Business Sotware Is Bloated, Buggy, And Expensive
Posted: Tue Jun 24, 2003 3:20 am
http://yahoo.businessweek.com/magazine/con...25/b3838630.htm
Commentary: Business Software Needs a Revolution
It's too complicated. It's too expensive. That's why it's change-or-die time
Marc Benioff, the chief executive of startup Salesforce.com Inc., has a knack for getting under the skins of his far bigger business software rivals. He has hired actors to stage protest rallies calling for the "end of software" outside his competitors' customer conferences. Borrowing from the '80s comedy Ghostbusters, he has handed out "software busters" pins. And he has told anyone who would listen that today's business software is too expensive and too dang complicated. "We have created an industry of complexity and we need to do something about it," he says.
Is Benioff a showman or a sage? Probably both. Sure, his antics are a way to promote his company, which dishes out sales force software as a service over the Internet. But there's also a lot of truth behind his shtick. Talk to a typical software buyer, and you hear the same complaints: It's too complex, with installation projects that can take years to finish. It's too expensive, with starting prices in the six figures and reaching into the millions. And it doesn't do what they thought it would do. "You know, the buyers of these things are starting to say, 'Wait a minute, maybe this stuff should work,"' says James Morris, dean of the School of Computer Science at Carnegie Mellon University.
It's amazing it took Corporate America so long to do this reality check. After years of buying the latest and greatest software, the computer rooms in many companies are "pure chaos," says Aneel Bhusri, a venture capitalist and a director at eight software companies, including PeopleSoft Inc. The cost of that chaos? Last year, the National Institute of Standards & Technology estimated that the annual cost of difficult-to-use or flat-out buggy software on the U.S. economy was $59.5 billion. Analysts estimate business-software customers spend $5 installing and fixing their software for every $1 they spend on software.
All that bad news is catching up with business-software makers. Sales of programs for things like companywide financial systems, procurement, and supply-chain management, combined, dropped 2.4% last year, to $35.8 billion, says AMR Research Inc. It's the first time in more than a decade that the market has slipped. This year, sales are expected to inch up 3%. For the software industry, which grew more than 20% per year in the late 1990s, such snail-paced growth is a jolt.

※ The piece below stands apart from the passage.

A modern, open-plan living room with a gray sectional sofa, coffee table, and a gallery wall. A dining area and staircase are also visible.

There's a troubling analogy to be made here to the fall of the American auto industry in the 1970s. As early as the 1950s, quality assurance experts like W. Edwards Deming were trying to win converts to rigid quality standards. Few in Detroit listened. But quality management was embraced in Japan, which helped to make the Japanese auto industry a powerhouse. Today, software quality gurus have been largely ignored in Silicon Valley. But in the new tech center of Bangalore, India, quality experts have been welcomed.

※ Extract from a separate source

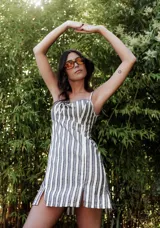 Minivestido de algodón y lino a rayas verticales blancas y grises con mini bordados. Tiene elástico en la espalda, tirantes finos y tajos en el frente.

Could Bangalore do to Silicon Valley what Japan did to Detroit? Don't bet against it if current trends continue. "Software companies have to change," says Henning Kagermann, CEO of German software maker SAP. "We need to be more like the auto industry -- quicker and better at development, from innovation to customer support."
There's no reason the industry can't get there. After interviewing customers and experts, BusinessWeek has identified four ways to get software on track. They're not the only answers, but they're a good start.

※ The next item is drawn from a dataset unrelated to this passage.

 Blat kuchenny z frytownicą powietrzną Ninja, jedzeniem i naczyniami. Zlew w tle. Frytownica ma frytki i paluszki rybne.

ENOUGH WITH THE FEATURES. THE WORLD IS AWASH IN SOFTWARE BELLS AND WHISTLES. Today, software can do everything from automate a human resource department to manage a supply chain. To paraphrase futurist Clayton M. Christensen, once all the necessary functionalities -- or features -- are done, new additions just increase the chances of bugs. "I think the [industry] has filled up the functionality bucket," says Rick Berquist, chief technology officer at PeopleSoft Inc. "I think now we're in the reliability era."
How? For starters, give up the "not-built-here" dogma that has kept some software makers from working with new, easy-to-use programming building blocks made by Microsoft, Sun Microsystems, and IBM. That reluctance also has made some companies slow to adopt standardized programming technologies like the Extensible Markup Language, which makes it easier for different kinds of software to work together.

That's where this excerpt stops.